How Science and Collaboration Saved the Galapagos Sea Cucumber

César Viteri
28 Sep 23 /

In August 2022, we were on the brink of initiating the final working session regarding the sea cucumber fishery in the process of updating the Fishing Calendar, which is the management plan for the fisheries in the Galapagos Marine Reserve. The sea cucumber is the Galapagos' most valuable fishery, capable of generating nearly three million US dollars in less than a month of fishing. However, the only species of sea cucumber caught in Galapagos, Isostichopus fuscus, is highly vulnerable to overexploitation. From 2016 to 2020, its capture was prohibited for five years to allow the species to recover.

Pepino de mar de Galápagos. Foto: Nicolás Moity, FCD.
Galapagos Sea Cucumber. Photo: Nicolás Moity, CDF.

During this time, in the Charles Darwin Foundation's Interdisciplinary Fisheries Project, we evaluated the management system for this species to recommend actions for its recovery. We discovered that Galapagos possesses the world's most extensive sea cucumber data. Over 20 years of underwater and dockside monitoring led us to consider new methodologies to assess the species' population health. We published two scientific articles—one updating the methodology to determine sea cucumber quantities in Galapagos, and another proposing a change in the management system. This change involves utilizing a mathematical model that assesses the current and future health status of the sea cucumber population in Galapagos, recommending sustainable extraction levels without harming the population.

Working table for the update of the Fishing Calendar. Photo: Gabriela Rodríguez, CDF.
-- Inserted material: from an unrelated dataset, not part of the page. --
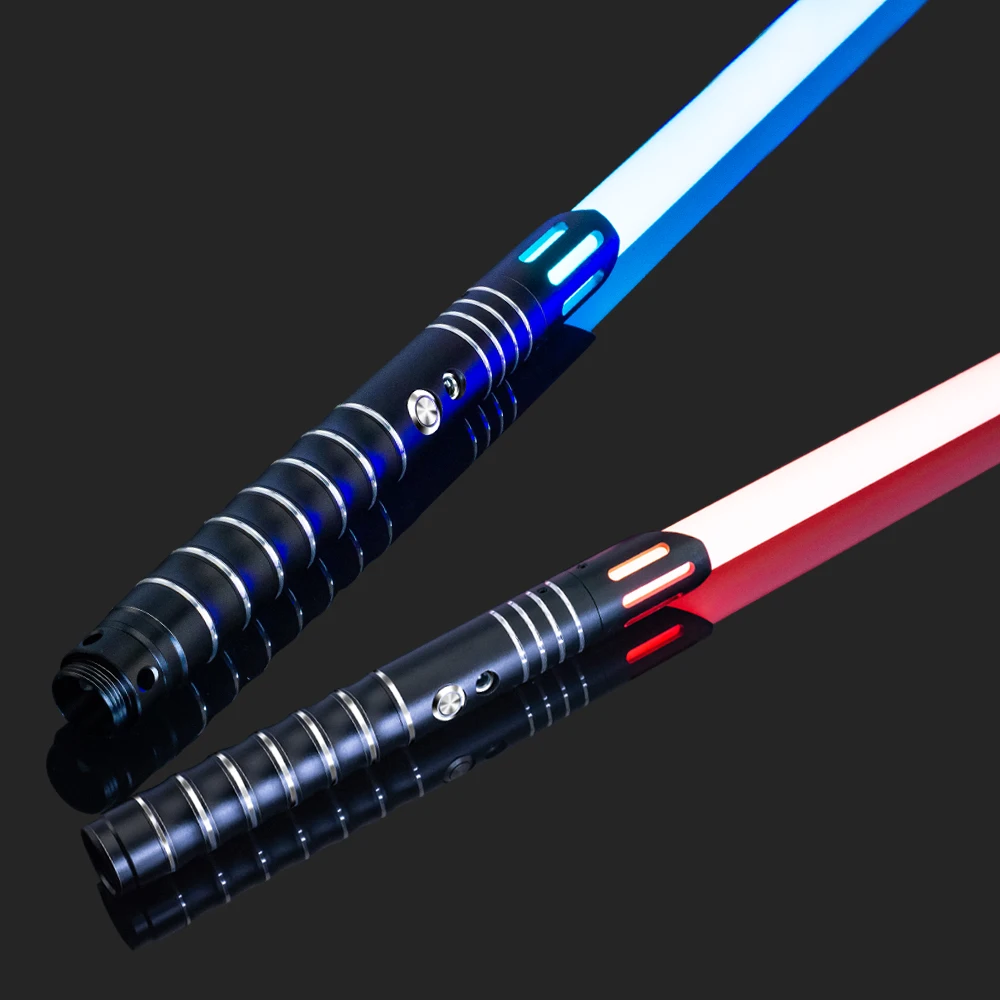 تضيء صابر 16 لون وأصوات RGB ضوء السيف مقبض معدني الليزر السيف اللعب ضوء وضع هادئ الأطفال تأثيري هدية الكريسماس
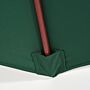 Outsunny 2.5m Wood Garden Parasol Sun Shade Patio Outdoor Market Umbrella Canopy With Top Vent, Dark Green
We entered this final sea cucumber working session of the Fishing Calendar with anticipation and nervousness, as we were about to propose this management system change. We weren't sure how the government and fishers would react to the mathematical model we were introducing. We had just come from a meeting the previous month about coastal fish, where we couldn't agree on management measures for the Galapagos Grouper. It was a tense and challenging meeting. Based on this and other experiences, we knew we needed to transparently communicate our model proposal; otherwise, confusion and conflicts could arise, as had happened before. We prepared a visually engaging presentation about the sea cucumber, displaying all the graphs generated by the mathematical model. We chose the simplest one to understand it, with traffic light colors indicating the population's health status. Taking a deep breath, we began our presentation about the sea cucumber to the working group.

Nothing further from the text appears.